INPUT FOR THIS TASK:
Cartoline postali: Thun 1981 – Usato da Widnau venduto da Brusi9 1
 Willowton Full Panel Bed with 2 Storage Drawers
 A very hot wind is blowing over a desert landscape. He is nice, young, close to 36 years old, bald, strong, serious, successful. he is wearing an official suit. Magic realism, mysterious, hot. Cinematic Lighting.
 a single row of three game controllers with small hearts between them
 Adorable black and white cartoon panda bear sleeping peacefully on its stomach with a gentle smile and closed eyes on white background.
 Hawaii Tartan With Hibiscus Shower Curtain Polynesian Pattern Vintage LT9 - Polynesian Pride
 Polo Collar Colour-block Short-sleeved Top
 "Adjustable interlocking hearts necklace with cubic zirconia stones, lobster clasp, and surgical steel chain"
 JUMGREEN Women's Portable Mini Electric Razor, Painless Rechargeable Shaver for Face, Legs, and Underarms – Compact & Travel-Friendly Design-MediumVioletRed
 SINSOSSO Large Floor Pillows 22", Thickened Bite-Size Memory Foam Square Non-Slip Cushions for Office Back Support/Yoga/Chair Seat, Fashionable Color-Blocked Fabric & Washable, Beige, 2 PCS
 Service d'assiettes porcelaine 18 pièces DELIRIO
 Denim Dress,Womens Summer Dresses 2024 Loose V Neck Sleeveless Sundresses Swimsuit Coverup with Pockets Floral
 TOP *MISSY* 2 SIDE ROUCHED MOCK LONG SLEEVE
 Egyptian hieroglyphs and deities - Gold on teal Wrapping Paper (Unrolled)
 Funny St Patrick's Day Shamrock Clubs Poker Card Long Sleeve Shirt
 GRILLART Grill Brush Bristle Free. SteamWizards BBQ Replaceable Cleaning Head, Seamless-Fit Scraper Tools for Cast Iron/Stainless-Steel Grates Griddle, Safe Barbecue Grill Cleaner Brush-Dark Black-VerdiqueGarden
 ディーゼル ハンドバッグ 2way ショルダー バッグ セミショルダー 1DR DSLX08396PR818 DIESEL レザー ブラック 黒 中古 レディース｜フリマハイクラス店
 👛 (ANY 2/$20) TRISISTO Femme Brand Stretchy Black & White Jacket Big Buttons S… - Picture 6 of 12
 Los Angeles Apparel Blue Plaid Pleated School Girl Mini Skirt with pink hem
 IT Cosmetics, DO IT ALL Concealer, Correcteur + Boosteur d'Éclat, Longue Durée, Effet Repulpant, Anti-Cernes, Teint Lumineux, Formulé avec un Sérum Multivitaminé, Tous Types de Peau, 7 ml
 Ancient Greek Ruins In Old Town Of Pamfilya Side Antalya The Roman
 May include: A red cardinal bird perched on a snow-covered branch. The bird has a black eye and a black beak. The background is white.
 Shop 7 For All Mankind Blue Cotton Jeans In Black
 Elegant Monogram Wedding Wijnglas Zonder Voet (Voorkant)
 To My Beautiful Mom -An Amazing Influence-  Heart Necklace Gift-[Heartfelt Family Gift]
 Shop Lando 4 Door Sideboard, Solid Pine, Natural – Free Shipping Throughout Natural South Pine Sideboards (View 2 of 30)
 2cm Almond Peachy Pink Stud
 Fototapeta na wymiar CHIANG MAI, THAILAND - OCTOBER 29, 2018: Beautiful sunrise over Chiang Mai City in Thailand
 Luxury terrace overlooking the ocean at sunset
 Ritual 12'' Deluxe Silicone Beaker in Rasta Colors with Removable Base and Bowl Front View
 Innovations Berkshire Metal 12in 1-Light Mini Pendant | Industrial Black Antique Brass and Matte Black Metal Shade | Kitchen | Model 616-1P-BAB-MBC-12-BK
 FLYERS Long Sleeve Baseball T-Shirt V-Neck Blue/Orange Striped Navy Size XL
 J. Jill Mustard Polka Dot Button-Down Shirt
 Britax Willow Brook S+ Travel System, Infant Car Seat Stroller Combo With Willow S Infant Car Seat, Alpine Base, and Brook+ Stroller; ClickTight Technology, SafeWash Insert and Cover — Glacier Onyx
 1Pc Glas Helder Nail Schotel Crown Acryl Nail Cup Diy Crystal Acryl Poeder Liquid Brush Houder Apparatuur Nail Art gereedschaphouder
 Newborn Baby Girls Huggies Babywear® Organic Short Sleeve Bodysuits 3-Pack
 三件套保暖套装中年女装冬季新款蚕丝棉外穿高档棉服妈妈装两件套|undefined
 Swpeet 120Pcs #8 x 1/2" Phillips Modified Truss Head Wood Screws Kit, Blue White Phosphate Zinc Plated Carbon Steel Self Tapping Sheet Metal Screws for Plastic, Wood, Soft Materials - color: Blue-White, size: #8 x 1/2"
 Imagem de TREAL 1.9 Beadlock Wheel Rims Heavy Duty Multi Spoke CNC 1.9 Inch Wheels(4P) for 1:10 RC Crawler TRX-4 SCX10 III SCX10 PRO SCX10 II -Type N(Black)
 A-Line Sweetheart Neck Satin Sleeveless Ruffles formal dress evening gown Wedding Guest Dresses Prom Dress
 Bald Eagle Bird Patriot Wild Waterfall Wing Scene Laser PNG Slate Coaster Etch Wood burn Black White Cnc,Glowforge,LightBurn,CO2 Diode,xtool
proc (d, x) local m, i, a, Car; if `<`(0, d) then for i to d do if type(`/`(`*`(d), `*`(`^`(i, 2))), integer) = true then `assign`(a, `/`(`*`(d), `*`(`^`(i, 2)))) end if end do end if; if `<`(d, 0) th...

ABOUT THIS TASK:
Up to and including the line that contains "Willowton Full Panel", output the records above exactly, beginning with their first line.

TASK ANSWER:
Cartoline postali: Thun 1981 – Usato da Widnau venduto da Brusi9 1
 Willowton Full Panel Bed with 2 Storage Drawers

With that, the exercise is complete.